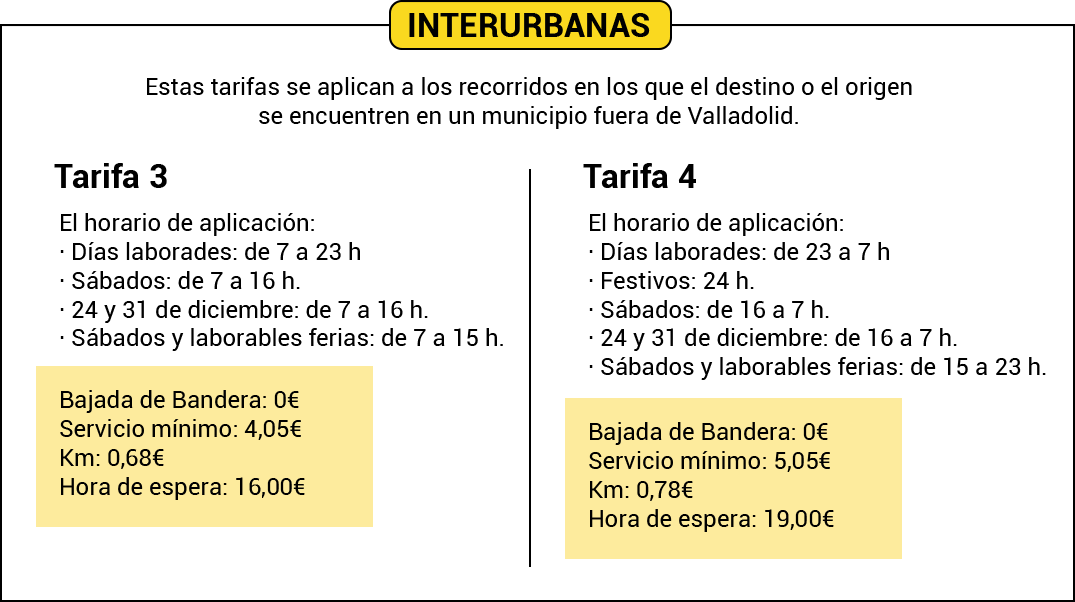 Tarifas Interurbanas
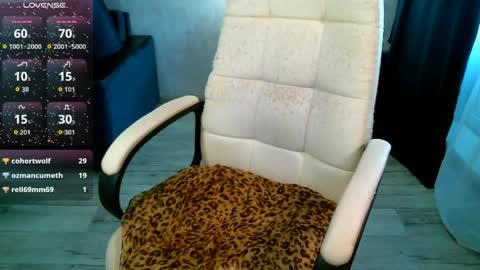 Snapshot of _sweet_ruby_ chatting on May 26, 5:36 am Milana welcome to my world online show from May 26, 5:36 am
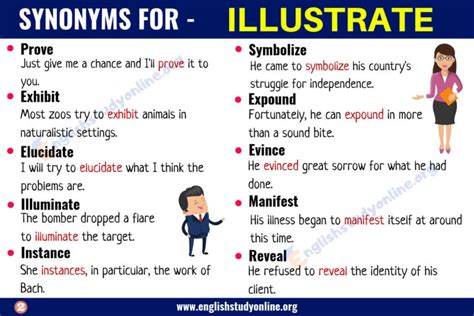 Illustrate Synonyms 30 Useful Words To Use Instead Of Illustrate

▶ About this task:
Repeat the lines above precisely and skip every picture.

▶ Task answer:
 Tarifas Interurbanas
 Snapshot of _sweet_ruby_ chatting on May 26, 5:36 am Milana welcome to my world online show from May 26, 5:36 am
 Illustrate Synonyms 30 Useful Words To Use Instead Of Illustrate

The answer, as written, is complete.